Dos poderosos sentimientos humanos se han entrecruzado con esta noticia: la justicia, que si consiste en dar a cada uno lo suyo, no se ha salido del cauce legal, y la envidia, el más mezquino de los vicios. El envidioso enflaquece –dice Horacio– de lo que a otros engorda. Y aquí está el problema. Haríamos mal, sin embargo, en quedarnos con este análisis legalista o en calificar de envidiosos a los críticos, sin tener en cuenta que, además de lo dicho, estos actos administrativos producen indignación.

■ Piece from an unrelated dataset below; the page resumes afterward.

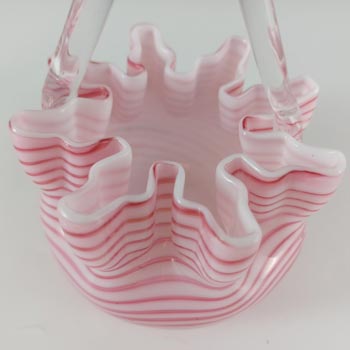 Welz Bohemian Pink & White Striped Glass Victorian Basket Bowl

Y esta indignación nace del lugar de donde brotan casi todas las indignaciones: de la política, es decir, de los gobernantes y de los diputados, repartidores impunes de los bienes del Estado y, como tales, enemigos acérrimos de los contribuyentes. No tiene sentido, por ello, atacar al beneficiario de esta pensión, y de otras de igual linaje, sin reparar en su partera y en su causa: los gobernantes y políticos que, en el pasado, han amamantado y tolerado este sinfín de privilegios o de fueros especiales, algunos de los cuales originaron la crisis de la CCSS y el déficit fiscal actual.

El diccionario de la Real Academia Española define así el privilegio: “Exención de una obligación o ventaja exclusiva o especial que goza alguien por concesión de un superior o determinada circunstancia especial” y, agrego, aun y sobre todo, por ley, en contra del interés público. Hago hincapié en este último aspecto porque hay –y debe haber– exenciones o ventajas basadas en un fin de interés nacional. La frontera se encuentra, entonces, en el buen juicio, el fin específico y los medios utilizados para otorgar un beneficio de este tipo. Lo demás es corrupción legal.

En esta materia la política nacional se ha salido de madre, al distanciarse de la ética, del bien común, del Estado de derecho y del genuino sentido de la justicia para favorecer el amiguismo o el solo partidarismo. Estamos inundados de privilegios (el mayor, la impunidad) que jamás debieron haberse creado o mantenido. Esta maleza, que poco ha importado a gobernantes y diputados, produce indignación.

Esta indignación, este asalto contra los pobres y contra todos los que piensan, trabajan y producen, no debe trocarse en violencia, sino en una acción radical y ordenada de limpieza nacional y “legal”. Este es un momento histórico.